Went to bed last night with these Moby lyrics running through my brain. I found out yesterday some disappointing news that further reminded me of the reality that I didn’t get what I wanted.

I’m a firm believer of crying, so I thought I would do that, but could only manage to squeeze out a tear. I think I’m still too angry, so expecting myself to invest in tears may be a bit premature.

But I was praying too, and I heard God telling me something that He’s been saying a lot to me lately (and that, by His gracious enabling, I’m miraculously picking up). He was saying something along the lines of:

“I made you and chose you. So remember you are Mine and precious. If you didn’t get what you wanted, even though you tried, it doesn’t mean you are any less of a person. If you need to, cry, but there are some other things at play that you cannot begin to comprehend, so leave it at that, and leave it to Me.”

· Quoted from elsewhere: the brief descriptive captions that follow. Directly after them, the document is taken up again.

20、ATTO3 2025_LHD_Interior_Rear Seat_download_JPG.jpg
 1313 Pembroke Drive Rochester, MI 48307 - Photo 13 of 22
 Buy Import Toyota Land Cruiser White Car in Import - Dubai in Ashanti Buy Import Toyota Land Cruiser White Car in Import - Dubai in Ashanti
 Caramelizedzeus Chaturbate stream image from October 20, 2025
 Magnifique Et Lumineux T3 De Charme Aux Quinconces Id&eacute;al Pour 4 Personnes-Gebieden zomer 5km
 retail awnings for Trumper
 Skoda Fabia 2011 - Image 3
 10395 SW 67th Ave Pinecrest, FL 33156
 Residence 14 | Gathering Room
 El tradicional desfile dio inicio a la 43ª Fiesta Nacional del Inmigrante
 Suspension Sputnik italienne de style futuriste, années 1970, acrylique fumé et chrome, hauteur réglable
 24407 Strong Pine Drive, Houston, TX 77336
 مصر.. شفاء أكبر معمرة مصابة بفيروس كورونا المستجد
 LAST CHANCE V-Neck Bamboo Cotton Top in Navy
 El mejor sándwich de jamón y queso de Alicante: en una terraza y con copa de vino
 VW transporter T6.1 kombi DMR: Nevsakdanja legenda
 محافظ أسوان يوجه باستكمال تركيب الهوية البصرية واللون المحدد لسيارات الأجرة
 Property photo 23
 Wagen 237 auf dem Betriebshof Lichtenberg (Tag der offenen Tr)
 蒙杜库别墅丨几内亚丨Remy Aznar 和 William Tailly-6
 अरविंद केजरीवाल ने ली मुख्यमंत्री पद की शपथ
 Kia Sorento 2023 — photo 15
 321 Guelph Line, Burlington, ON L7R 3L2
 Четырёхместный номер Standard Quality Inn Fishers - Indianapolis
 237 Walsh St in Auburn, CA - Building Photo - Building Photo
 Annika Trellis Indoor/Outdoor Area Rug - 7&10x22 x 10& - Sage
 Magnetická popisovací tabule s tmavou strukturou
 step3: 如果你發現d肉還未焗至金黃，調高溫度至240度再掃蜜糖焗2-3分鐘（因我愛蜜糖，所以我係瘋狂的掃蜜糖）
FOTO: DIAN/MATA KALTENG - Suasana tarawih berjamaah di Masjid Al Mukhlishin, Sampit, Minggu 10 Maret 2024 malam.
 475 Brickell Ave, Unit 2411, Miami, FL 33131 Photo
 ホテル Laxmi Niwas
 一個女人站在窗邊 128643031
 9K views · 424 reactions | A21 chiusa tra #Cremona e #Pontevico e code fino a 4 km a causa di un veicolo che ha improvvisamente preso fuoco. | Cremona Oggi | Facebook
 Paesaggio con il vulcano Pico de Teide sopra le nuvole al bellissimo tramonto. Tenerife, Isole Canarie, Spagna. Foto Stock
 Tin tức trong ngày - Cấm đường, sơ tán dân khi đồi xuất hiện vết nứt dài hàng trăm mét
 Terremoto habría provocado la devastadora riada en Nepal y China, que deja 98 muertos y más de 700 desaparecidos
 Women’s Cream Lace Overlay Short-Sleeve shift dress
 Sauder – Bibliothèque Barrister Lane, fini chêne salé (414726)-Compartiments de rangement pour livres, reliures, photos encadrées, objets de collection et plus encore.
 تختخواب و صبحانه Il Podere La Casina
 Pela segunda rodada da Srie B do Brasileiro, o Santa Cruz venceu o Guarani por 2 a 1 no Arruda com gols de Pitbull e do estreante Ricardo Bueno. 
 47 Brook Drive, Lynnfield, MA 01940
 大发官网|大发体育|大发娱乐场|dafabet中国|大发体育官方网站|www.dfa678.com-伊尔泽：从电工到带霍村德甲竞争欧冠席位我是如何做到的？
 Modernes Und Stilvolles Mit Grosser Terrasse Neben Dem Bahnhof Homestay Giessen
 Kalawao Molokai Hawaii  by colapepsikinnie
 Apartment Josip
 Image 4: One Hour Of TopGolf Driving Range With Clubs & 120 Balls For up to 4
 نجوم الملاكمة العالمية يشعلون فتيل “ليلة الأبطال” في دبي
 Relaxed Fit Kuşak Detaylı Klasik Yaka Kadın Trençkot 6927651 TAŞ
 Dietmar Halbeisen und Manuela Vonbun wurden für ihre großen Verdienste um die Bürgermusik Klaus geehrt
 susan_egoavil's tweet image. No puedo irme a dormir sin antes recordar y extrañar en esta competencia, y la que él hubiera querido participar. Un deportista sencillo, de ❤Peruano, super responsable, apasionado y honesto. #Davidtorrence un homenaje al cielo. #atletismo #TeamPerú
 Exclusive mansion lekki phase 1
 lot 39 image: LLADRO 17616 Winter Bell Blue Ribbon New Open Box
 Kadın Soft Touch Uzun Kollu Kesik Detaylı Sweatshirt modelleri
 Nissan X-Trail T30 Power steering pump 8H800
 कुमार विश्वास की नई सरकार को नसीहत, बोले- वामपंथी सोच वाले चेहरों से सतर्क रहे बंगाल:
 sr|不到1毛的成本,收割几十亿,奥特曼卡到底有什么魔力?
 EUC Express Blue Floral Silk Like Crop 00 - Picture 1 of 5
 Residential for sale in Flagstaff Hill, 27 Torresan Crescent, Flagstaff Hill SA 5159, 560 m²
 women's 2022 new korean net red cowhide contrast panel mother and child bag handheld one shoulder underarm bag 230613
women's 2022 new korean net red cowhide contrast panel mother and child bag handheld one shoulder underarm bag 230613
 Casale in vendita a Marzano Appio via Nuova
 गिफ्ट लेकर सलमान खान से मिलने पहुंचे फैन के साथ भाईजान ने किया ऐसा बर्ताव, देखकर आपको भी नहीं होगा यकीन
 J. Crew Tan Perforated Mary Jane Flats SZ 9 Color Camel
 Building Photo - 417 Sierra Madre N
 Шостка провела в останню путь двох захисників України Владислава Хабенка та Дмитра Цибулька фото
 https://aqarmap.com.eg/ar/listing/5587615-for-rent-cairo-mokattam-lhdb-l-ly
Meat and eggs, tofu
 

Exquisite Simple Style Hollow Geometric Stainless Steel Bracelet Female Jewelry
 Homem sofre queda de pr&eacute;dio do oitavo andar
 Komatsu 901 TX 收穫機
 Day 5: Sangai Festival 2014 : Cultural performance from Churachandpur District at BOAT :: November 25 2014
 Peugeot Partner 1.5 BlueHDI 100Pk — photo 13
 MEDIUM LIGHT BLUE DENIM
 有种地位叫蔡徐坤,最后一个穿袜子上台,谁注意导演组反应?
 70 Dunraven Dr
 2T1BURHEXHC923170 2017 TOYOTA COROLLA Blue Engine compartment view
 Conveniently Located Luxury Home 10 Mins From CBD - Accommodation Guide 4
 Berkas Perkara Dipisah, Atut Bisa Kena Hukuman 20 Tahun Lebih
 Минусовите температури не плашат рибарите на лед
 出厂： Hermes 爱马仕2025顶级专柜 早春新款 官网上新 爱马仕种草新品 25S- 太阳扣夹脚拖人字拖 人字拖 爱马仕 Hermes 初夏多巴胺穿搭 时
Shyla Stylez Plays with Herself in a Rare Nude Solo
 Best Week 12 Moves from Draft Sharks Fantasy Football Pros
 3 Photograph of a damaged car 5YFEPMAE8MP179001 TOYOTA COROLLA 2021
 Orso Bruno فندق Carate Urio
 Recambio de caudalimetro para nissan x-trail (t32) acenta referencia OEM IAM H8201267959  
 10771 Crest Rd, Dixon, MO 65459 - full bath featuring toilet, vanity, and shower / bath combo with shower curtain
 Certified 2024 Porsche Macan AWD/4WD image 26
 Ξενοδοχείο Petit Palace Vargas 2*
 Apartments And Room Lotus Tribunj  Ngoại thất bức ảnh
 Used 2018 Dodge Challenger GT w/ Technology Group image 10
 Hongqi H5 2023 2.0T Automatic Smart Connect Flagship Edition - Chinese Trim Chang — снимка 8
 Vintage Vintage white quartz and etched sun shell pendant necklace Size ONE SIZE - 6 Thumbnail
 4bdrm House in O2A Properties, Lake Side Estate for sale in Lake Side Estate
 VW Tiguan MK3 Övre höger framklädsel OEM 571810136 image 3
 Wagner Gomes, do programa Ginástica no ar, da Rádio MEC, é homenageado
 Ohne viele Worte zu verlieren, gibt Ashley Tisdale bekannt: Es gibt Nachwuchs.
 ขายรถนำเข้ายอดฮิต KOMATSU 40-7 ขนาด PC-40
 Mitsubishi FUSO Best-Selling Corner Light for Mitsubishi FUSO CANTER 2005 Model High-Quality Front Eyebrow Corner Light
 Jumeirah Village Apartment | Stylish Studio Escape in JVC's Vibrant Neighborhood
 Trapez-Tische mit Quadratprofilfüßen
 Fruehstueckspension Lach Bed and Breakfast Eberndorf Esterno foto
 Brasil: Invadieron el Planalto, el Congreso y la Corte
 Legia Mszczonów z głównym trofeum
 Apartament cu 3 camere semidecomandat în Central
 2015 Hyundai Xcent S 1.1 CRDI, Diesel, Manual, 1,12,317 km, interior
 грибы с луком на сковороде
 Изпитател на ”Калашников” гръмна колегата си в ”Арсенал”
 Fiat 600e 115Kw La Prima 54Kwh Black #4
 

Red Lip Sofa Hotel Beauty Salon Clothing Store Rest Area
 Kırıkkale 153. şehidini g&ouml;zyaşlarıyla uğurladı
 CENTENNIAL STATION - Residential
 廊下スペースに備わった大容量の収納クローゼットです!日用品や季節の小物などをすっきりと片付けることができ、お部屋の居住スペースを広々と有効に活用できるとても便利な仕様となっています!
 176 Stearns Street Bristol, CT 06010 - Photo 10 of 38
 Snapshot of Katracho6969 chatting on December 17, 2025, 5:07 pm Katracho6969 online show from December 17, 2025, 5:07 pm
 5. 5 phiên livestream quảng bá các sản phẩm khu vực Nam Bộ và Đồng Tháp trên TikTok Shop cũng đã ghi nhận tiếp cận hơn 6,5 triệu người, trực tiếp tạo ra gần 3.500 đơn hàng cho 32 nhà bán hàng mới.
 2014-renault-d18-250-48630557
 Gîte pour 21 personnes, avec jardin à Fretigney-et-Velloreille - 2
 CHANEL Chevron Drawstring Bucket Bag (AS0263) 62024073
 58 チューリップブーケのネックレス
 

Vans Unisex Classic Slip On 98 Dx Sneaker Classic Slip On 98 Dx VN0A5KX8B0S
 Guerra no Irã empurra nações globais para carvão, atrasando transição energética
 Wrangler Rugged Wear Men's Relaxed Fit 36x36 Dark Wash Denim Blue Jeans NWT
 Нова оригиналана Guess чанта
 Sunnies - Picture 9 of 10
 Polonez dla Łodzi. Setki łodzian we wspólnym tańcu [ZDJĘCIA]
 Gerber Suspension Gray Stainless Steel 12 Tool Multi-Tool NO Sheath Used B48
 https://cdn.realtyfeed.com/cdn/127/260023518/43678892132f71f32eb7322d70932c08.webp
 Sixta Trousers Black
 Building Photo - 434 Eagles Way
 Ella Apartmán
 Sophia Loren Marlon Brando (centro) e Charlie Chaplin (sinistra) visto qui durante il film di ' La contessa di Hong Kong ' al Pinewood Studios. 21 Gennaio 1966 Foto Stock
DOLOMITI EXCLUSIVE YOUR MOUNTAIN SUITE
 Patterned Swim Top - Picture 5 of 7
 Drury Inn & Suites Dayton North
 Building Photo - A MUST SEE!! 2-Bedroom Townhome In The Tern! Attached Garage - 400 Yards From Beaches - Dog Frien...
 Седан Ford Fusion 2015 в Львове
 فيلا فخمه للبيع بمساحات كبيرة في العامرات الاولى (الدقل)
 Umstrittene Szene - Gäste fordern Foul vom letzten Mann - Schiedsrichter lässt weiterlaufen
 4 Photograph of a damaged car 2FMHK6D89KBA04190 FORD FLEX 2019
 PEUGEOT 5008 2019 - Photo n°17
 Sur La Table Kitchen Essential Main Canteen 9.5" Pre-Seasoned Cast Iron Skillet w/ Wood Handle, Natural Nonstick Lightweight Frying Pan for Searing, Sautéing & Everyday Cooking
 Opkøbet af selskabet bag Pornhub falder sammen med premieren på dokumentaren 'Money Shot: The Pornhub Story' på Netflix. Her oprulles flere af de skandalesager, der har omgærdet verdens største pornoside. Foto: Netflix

I take great comfort in this. For some reason, many people, including myself, have a compulsive need to explain WHY things didn’t turn out the way they wanted or expected. I think it’s because we are still grasping at any shred of possibility to make things happen our way.

In general, I believe it’s good to try one’s best. However, when analyzing the situation leads to questioning the value of ourselves, then it’s time to stop. It’s a sign of the control-freak taking over. I find that when we don’t get what (or who) we want, we actually feel a lack of control (a most unpleasant, incredulous feeling), and we feel doubly so if we tried our best (which of course is from our always limited perspective). At that point, it seems the only way to regain that control is to explain things in terms of ourselves, at the expense of ourselves. It seems that is all we have left.

How stupid does this logic sound:

I tried, but I still didn’t get what I wanted. Therefore, I must suck.

Yuck!! But I know a lot of people who subscribe to this ridiculous belief and can hold onto it tenaciously, even for years. So sad, but human. Depending on what the disappointment is, I can still be prone to it, but my Maker helps me to better catch myself these days.

In case you’re wondering, working through such “stuff” is what undergirds all the underdog and limitation talk.